Data shown:
—————

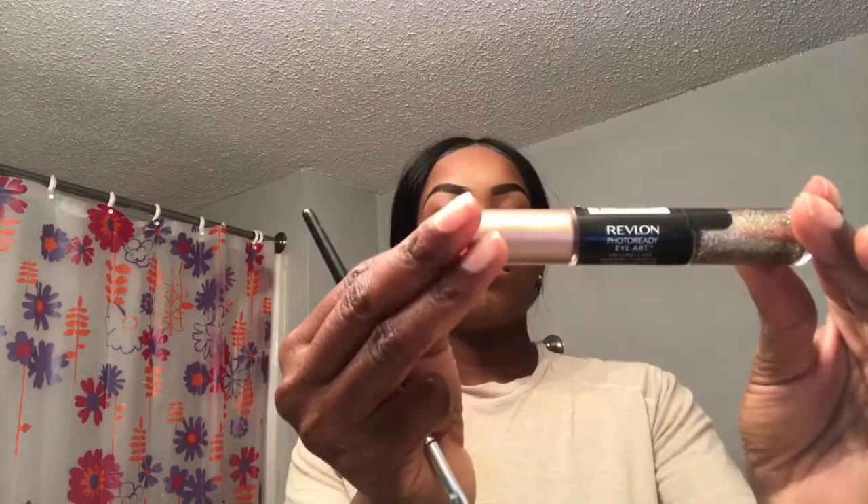I'll be going in with my Urban Decay Perversion mascara — this mascara is the bomb. This is Revlon Photo Ready Eye Art in color 100 Topaz Twinkle, and I'm placing that in the inner corners of my eyes to give them a little pop. Then I'm going over that with my Jeffree Star highlighter — this highlighter is super duper pigmented and I love it. Of course I'm blending some more because sometimes I wonder if it looks harsh, so I just blend. You can never have too much blending.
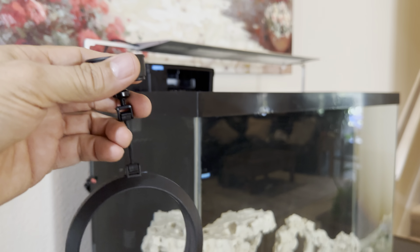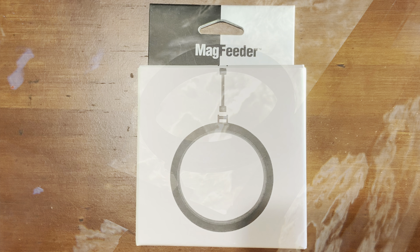I would definitely recommend the Two Little Fishies Mag Feeder, and it is what I currently use on my budget reef build. Olay olay! If you like this video then give it a thumbs up and subscribe for more content.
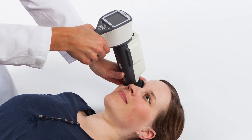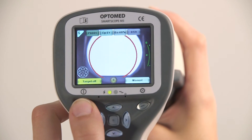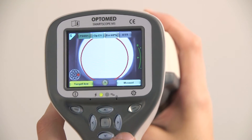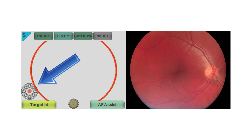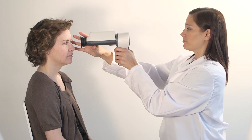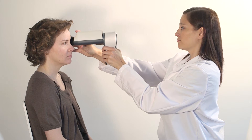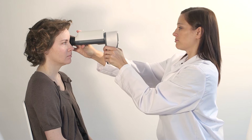The patient is asked to stay still and look at an internal fixation target. Activate the internal target by pressing the left soft key, and move the target by using the arrow keys. To achieve a macula-centered image, select the middle target. To achieve an optic disc-centered image, select either the right or left target depending on which eye is being imaged. Hold the camera with one hand and support the optics module with the other, keeping the hand against the patient's forehead.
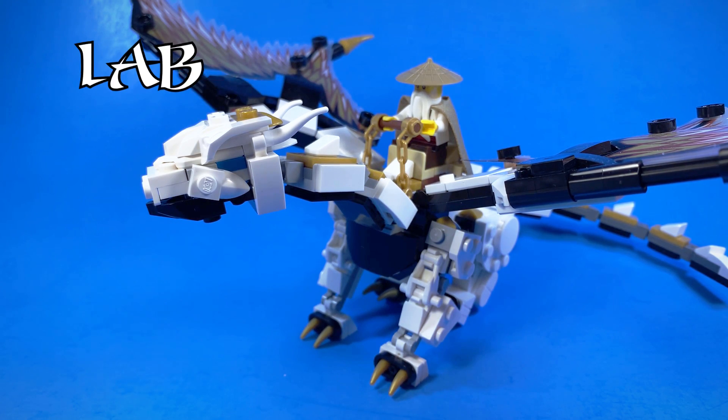Hey guys, what's up? Today in the Brook Lab, we are going to be not making a lame joke about plastic surgery. What we're going to be doing is building a new head for Chompy.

—————

Required work:
Every line above is to be returned exactly, with its pictures removed.

Exercise result:
I'll be going in with my Urban Decay Perversion mascara — this mascara is the bomb. This is Revlon Photo Ready Eye Art in color 100 Topaz Twinkle, and I'm placing that in the inner corners of my eyes to give them a little pop. Then I'm going over that with my Jeffree Star highlighter — this highlighter is super duper pigmented and I love it. Of course I'm blending some more because sometimes I wonder if it looks harsh, so I just blend. You can never have too much blending.
I would definitely recommend the Two Little Fishies Mag Feeder, and it is what I currently use on my budget reef build. Olay olay! If you like this video then give it a thumbs up and subscribe for more content.
The patient is asked to stay still and look at an internal fixation target. Activate the internal target by pressing the left soft key, and move the target by using the arrow keys. To achieve a macula-centered image, select the middle target. To achieve an optic disc-centered image, select either the right or left target depending on which eye is being imaged. Hold the camera with one hand and support the optics module with the other, keeping the hand against the patient's forehead.
Hey guys, what's up? Today in the Brook Lab, we are going to be not making a lame joke about plastic surgery. What we're going to be doing is building a new head for Chompy.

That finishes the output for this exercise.